Adding a data point to this thread from a different angle — I booked my May flights (PIT↔MCO, 5/4 and 5/10) for a pre-cruise WDW stay plus Disney Fantasy sailing, and wanted to share how I worked through the fare decision as a Passenger of Size. The calculus is meaningfully different now, and I haven’t seen it discussed much since the January changes took effect.
The POS-specific problem under the new rules:
In the Before Times, I’d book any fare, pre-board, grab two seats together, done. The refund came automatically. Now:
- Two seats must be pre-purchased
- Refund on the second seat is no longer automatic — requires the flight to depart with at least one open seat AND same fare class AND request within 90 days
- On Basic fares, seat selection exists but costs extra per seat, and without selection you’re assigned at check-in. I’ve seen posts on other platforms suggesting the auto-assignment algorithm has put POS travelers’ two seats in different rows.

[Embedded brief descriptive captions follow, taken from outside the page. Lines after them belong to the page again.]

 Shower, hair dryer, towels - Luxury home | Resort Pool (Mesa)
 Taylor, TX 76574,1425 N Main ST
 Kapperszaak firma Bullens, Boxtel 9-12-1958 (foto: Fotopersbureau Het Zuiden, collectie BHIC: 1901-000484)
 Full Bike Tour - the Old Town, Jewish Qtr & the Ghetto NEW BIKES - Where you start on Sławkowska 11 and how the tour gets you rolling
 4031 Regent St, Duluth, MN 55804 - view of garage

Not a risk I wanted to absorb.
So Basic isn’t really Basic for me anymore — I’d be paying to select seats anyway to guarantee adjacency, which starts narrowing the gap to Choice pretty quickly.
The boarding group angle that flipped my thinking:
Boarding group follows seat TYPE, not fare class. An Extra Legroom seat on a Basic fare still boards Group 1-2. That was going to be my play initially — Basic + pay for ELR upgrades on all four segments (2 seats × 2 directions) = cheaper than Choice Extra on paper.

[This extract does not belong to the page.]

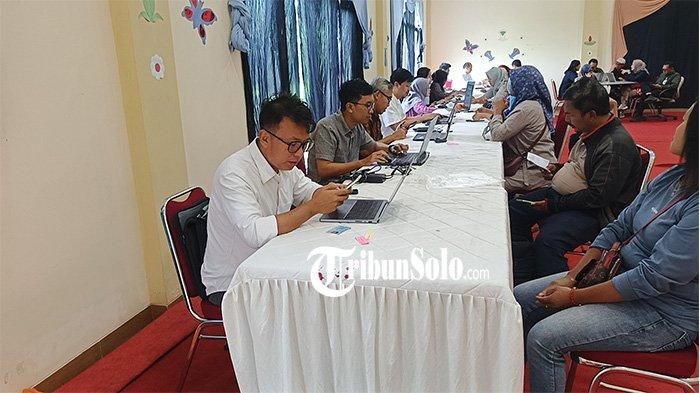 PENCAIRAN HAK KARYAWAN. Eks karyawan PT Primayudha Mandirijaya mengurus administrasi BPJS Ketenagakerjaan, Selasa (18/3/2025). (Tribun Solo/Tri Widodo)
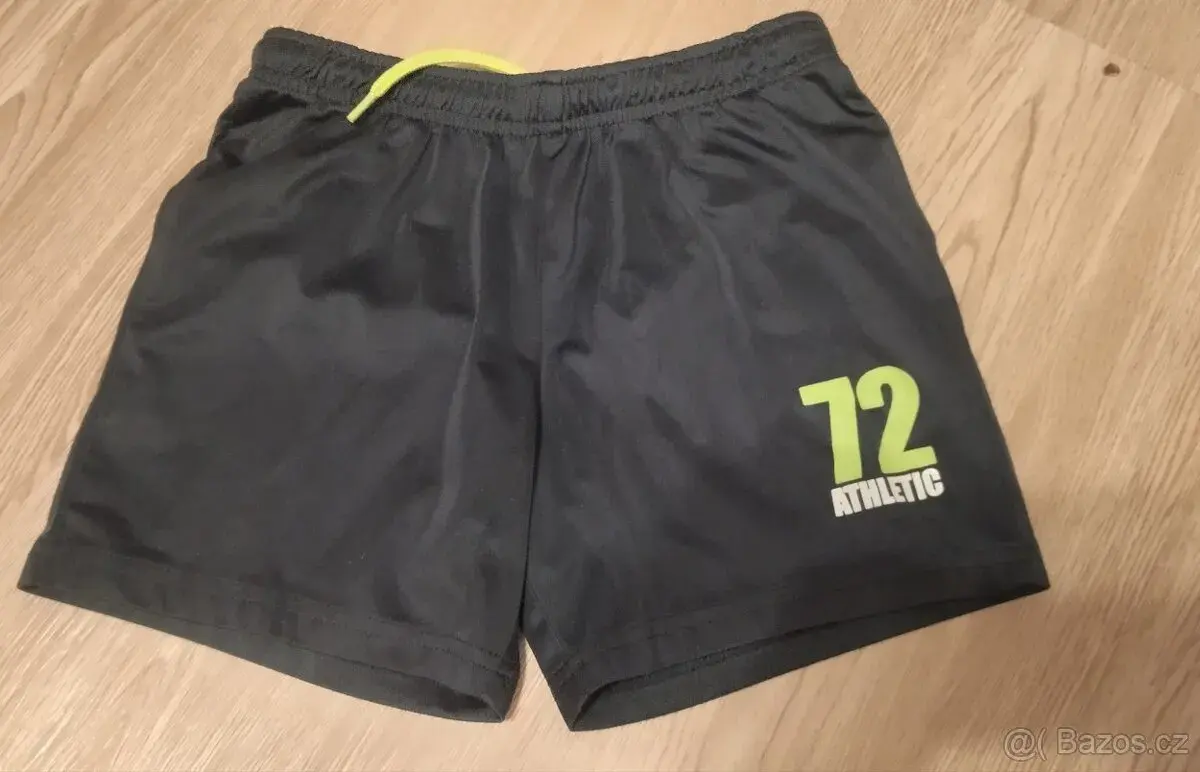 Sportovní kraťasy, 128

What killed that plan was the points math:
- Basic: 2x points per base fare dollar
- Choice Extra: 14x points per base fare dollar
- ELR upgrade fees and bag fees earn ZERO Southwest points
- CSP earns 2x on everything regardless
Basic + ELR upgrades: ~$1,307 cash, ~1,770 SW points + ~2,614 UR
Choice Extra: ~$1,614 cash, ~20,110 SW points + ~3,228 UR
Valuing SW points conservatively at 1.2¢ (my actual redemption rate on these specific flights was 1.11-1.20¢) and UR at 2.0¢, the effective cost gap compresses from $307 to about $74. For $74 net I picked up:
- Full refundability (EMS schedule, 24-hour shift swaps happen
please don’t) - Same-day change/standby without fare upgrade (
I will not be needing this, universe) - Transferable 12-month flight credit if things go sideways
- Priority/Express lanes at PIT and MCO
- 2 free bags (eliminating the $45 bag fee)
- Premium drink on the way there because vacation mode starts in 15A
Pulled the trigger at $1,611.60.
Gotchas I’d flag for other POS travelers:
- Assume you’ll pay full price for both seats. The refund conditions are restrictive enough that on any popular route you should treat it as a bonus, not a plan.
- Basic fare is a trap if you’re buying two seats — the adjacency risk is real, and paying to select seats closes most of the savings gap anyway.
- The 32"→31" pitch reduction on 737-800s/MAX 8s matters if you were already “just comfortable” at the old pitch. ELR at 34" is actually better than the old baseline. I don’t think I could loose the inch of legroom without seriously reducing comfort (even worse if the row in front reclines)
- Checked-bag reality with camera/electronics gear: if you’re in Group 6-8 and bin space runs out, gate-checking a bag full of lithium batteries becomes a FAA compliance scramble at the jet bridge. Group 1-2 via ELR is cheap insurance there.